À côté d’elle, Charlotte Gainsbourg, l’héritière. Fille de l’union mythique de Birkin et Serge Gainsbourg, elle est celle qui a plongé le plus tôt dans l’arène familiale. Elle raconte ce qui l’a façonnée : une enfance passée dans les coulisses, sur les plateaux de tournage de ses parents. “Ils nous emmenaient sur ces plateaux et que je regardais jouer, à qui je faisais apprendre un peu son texte”, se souvient-elle. “Tous les toutes les coulisses, on y avait droit et ça m’a forcément, c’est ça qui m’a donné envie”.

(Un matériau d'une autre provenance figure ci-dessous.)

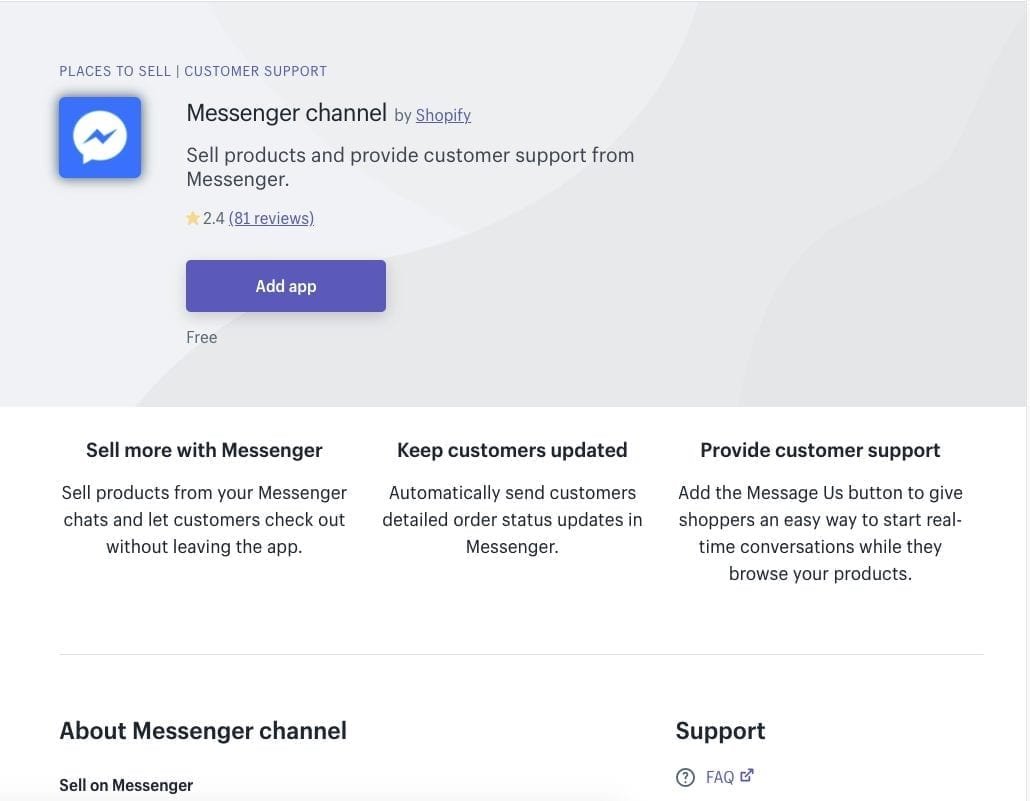 Messenger Channel Shopify App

Pour Charlotte, le chemin était tracé, presque évident. Elle était là, “cachée derrière la caméra”, observant, absorbant tout. De cette observation est née l’une des carrières les plus riches du cinéma et de la chanson française. Cette émission de 2013 la montre comme le pilier central entre ses deux sœurs, le pont entre la discrétion de Kate et l’énergie nouvelle de Lou. Des années plus tard, c’est elle qui reprendra la caméra, non plus cachée, mais pour filmer sa mère dans le documentaire poignant “Jane par Charlotte”, continuant ce dialogue intime commencé sur les tournages de son enfance.

Lou Doillon : La voix qui s’est fait attendre

Et puis, il y a la benjamine, Lou Doillon, fille du réalisateur Jacques Doillon. En ce début 2013, elle est la révélation. Après des années à être “la fille de” et une carrière d’actrice et de mannequin, Lou a enfin osé. Elle s’est lancée dans la chanson. Et quel lancement ! Michel Drucker annonce fièrement qu’elle est nommée deux fois aux Victoires de la Musique pour son premier album, “Places”.

Elle interprète d’ailleurs une chanson en direct, en anglais. Mais ce qui touche, c’est sa confession. Pourquoi avoir attendu si longtemps ? “Il y avait peut-être aussi une trouille”, avoue-t-elle, un “mélange de choses”. Elle explique qu’elle écrivait seule, et que cela lui “faisait beaucoup de bien déjà comme ça”, sans “une envie d’y aller pour de vrai”. C’est cette “pudeur”, ce mot qui revient sans cesse, qui l’a retenue. Elle qui, ironiquement, possède une voix si singulière, presque cassée, due, comme elle le révélera plus tard, à une malformation des cordes vocales appelée “kissing nodules”. Ce défaut est devenu sa plus grande force.

“Une pudeur qui est assez magique”

Au-delà des carrières individuelles, ce qui émane de ce canapé rouge, c’est un amour collectif. Mais un amour pudique. “Il y a une pudeur qui est assez magique”, analyse un des participants de l’émission, “et je pense que ça peut tenir d’ailleurs que comme ça”. C’est peut-être là le secret du clan Birkin. Dans un monde d’ego surdimensionnés, cette famille d’artistes a survécu grâce à un respect mutuel et une discrétion qui force l’admiration.

Chacune a trouvé sa voie sans empiéter sur celle de l’autre. Kate a choisi l’image fixe, Charlotte l’image en mouvement et l’héritage musical, Lou la scène rock. Et Jane, au centre, les regardant avec une fierté qui déborde.

Cette émission du 13 janvier 2013 n’était pas un simple “Vivement Dimanche”. C’était un portrait de famille, une capsule temporelle. C’était la capture d’un moment d’équilibre parfait, d’un alignement des planètes où l’amour, le travail et la pudeur coexistaient en parfaite harmonie. C’était Jane, Kate, Charlotte et Lou. Ensemble. Pour une dernière fois devant les caméras. Et c’est précisément cette rareté, cette fin tragique que personne ne pouvait anticiper, qui transforme aujourd’hui cette archive en un moment de télévision absolument inoubliable et profondément émouvant.